"That was stupid", says Sandy Woodward – former task force commander who took the expeditionary force to rescue the Falklands in 1982.
This plain-speaking man of the sea says it was a mistake not to have made more noise, "to make sure people realised it was the Navy that had done the job, not the bloody Air Force or the Army". The Air Force, he adds, "dropped one bomb on target. There were more Commandos, who are naval soldiers, than there were Army".
Now, Woodward is into selling his book – and best of luck to him – but he is also supporting the service from which he has retired, indulging in the special pleading that typifies inter-service rivalry.
Characteristically, to do so he is relying on a myth - in this instance the "myth" that the Royal Navy saved the Falklands.
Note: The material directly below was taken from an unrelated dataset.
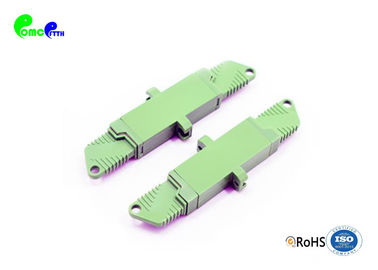 9 / 125μm E2000 APC to E2000 APC Simplex Fiber Optic Adapter Green Plastic With Flange IL < 0.2dB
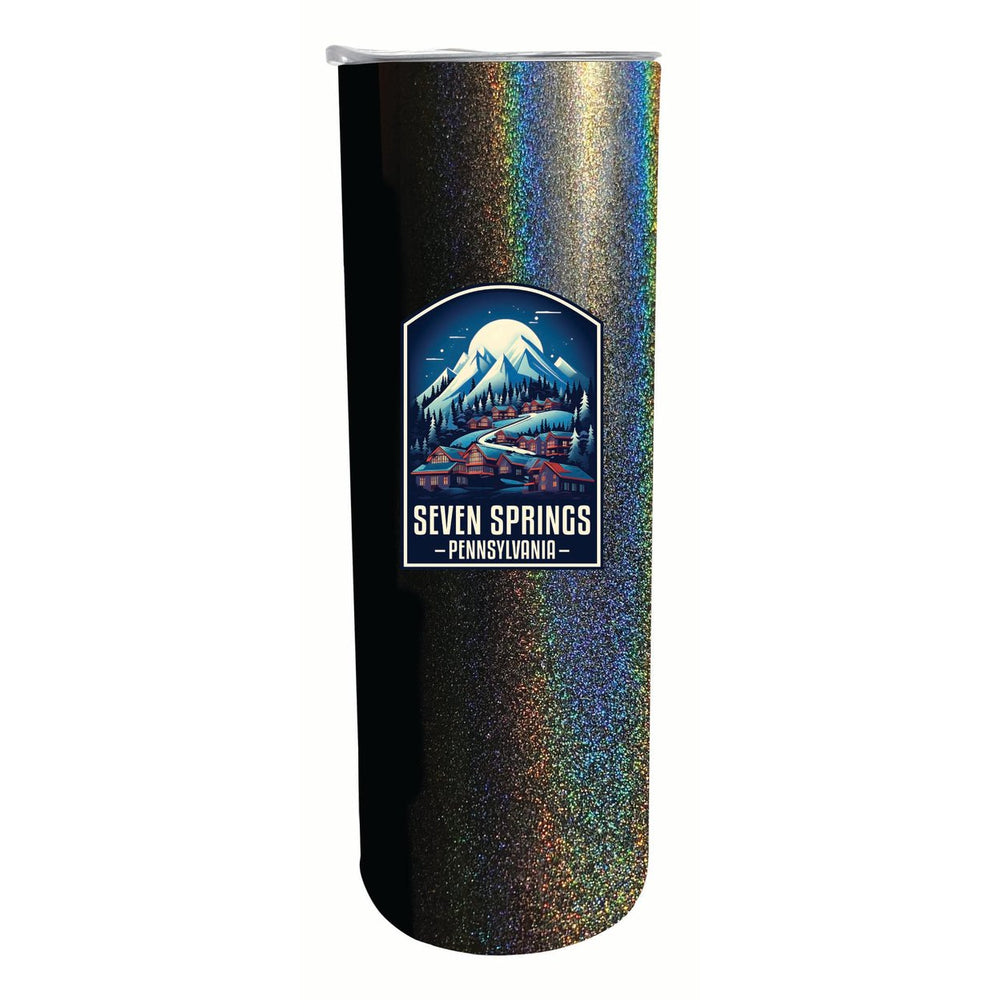 Seven Springs Pennsylvania Snowy Village Design Souvenir 20 oz Insulated Stainless Steel Skinny Tumbler Image 2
This possibly qualifies as a "true myth", but whether it does or not, he relies on its power to support his case that, in order to continue protecting the Falklands, we still need a powerful navy.
The beauty of this is that it illustrates the archetypal myth, and how it is used. Specifically, myths are narratives (true or false) about events past, presented in such a way as to shape our thinking, how we react to current events and thence how we behave.
Woodward, in fact, is demonstrating one of the primary functions of the myth, that of supporting one faction in competition for funding between departments of state or, as in this case, within departments such as the three military services in the MoD.
This is a perennial feature of government, as much in the past as it is currently. And it was for precisely this purpose that one of the most significant Battle of Britain myths was developed and deployed – not in 1940 but in 1945.
|Barrier Miner, New South Wales, Tuesday 23 October 1945, p 3|
What you see from the cutting above is a scene-setter (the exact timing is not important) which tells us that, in the immediate aftermath of the Second World War, demobilisation is taking place and the armed forces are being cut back to a fraction of their former strength. It also has Churchill, now leader of the opposition, calling for the RAF to be "maintained on a very large scale".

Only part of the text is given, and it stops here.